Ce n’est qu’en 1969 et suivant le succès de « Vénus privé », de Giorgio Scerbanenco que l’ère du polar italien débutera. Le retard accumulé sera vite comblé, désormais pas une région d’Italie ne possède d’auteur de roman policier sans auteur lui étant prédestiné.
Il arrive même que des auteurs étrangers choisissent l’Italie comme principal lieu où se déroulera l’action de son roman.

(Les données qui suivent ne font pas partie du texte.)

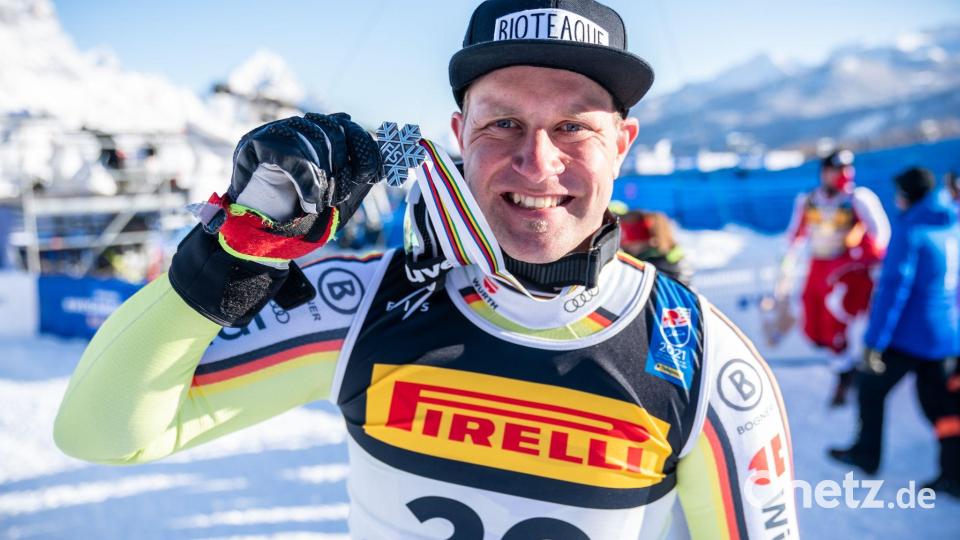 Mit WM-Silber 2021 in Cortina d'Ampezzo feierte Romed Baumann seinen größten Erfolg. (Archivbild) Bild: Michael Kappeler/dpa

Nous pouvons noter l’américain Donna Léon, qui a choisi les rues de Venise ou bien encore l’allemand Veit Heinichen dont le commissaire dont il décrit les aventures sévit à Trieste.

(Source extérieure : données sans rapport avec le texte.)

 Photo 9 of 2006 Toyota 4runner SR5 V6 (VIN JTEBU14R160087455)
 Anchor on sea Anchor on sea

Nous pourrons converser avec de multiples écrivains afin de savoir de quel pays est parti le polar ou roman policier, mais nous nous apercevrions vite que chacun revendique la genèse du roman policier. A titre d’exemple, le norvégien Gunnar Staalesen explique que le roman policier est une invention norvégienne, tout en reconnaissant avoir pris l’envergure du héros américain afin de donner plus de relief à ses personnages.
Chaque auteur a tendance à s’inspirer de telle ou telle caractéristique d''un autre auteur. L’édition française fait la part belle à ces écrivains venus des pays Nordiques, ils ont le vent en poupe.
Les danois, finlandais, norvégiens occupent une place de choix sur les étagères des bibliothèques françaises. Nous pouvons citer : Matti Yrjana, Anne Holt ou Gunnar Staalesen et encore Ake Edwardson. Les Islandais également ont une belle place dans l’édition à l’image de Arnaldur Indridason qui avec ces trois romans s’est imposé comme l’auteur de référence de l’Islande.
Tous ces romanciers nordiques sont les fruits semés par leurs prédécesseurs suédois, le duo Maj Sjowal et Per Walhoo qui créaient dans les années 1960, les aventures de l’inspecteur Martin Beck. Cette culture nordique romancée donne l’idée à un écrivain chinois de prendre sa plume et de s’essayer à ce genre de littérature. Ainsi, Qui Xiaolong, se lance dans la fiction policière. Pendant longtemps, les pays communistes voyaient d’un mauvais œil ces productions littéraires, maintenant plusieurs auteurs chinois dépeignent la coexistence entre un système communiste et un capitalisme sauvage.
L’URSS, voyait également ce genre littéraire d’un sale œil, mais depuis la cassure du block soviétique, une nouvelle génération d’auteurs russe se dresse sur le devant de la scène, telle Alexandra Marinina, ancien officier de la police à Moscou.
Même si la fiction anglaise et américaine tienne encore le haut du pavé de ce style littéraire,
l’offre est de plus en plus diversifié et permettent à beaucoup de rendre compte des situations souvent terribles qui se passe au cœur de leur pays. L’ouverture mondiale au roman policier devrait de ce fait devenir encore plus enrichissante.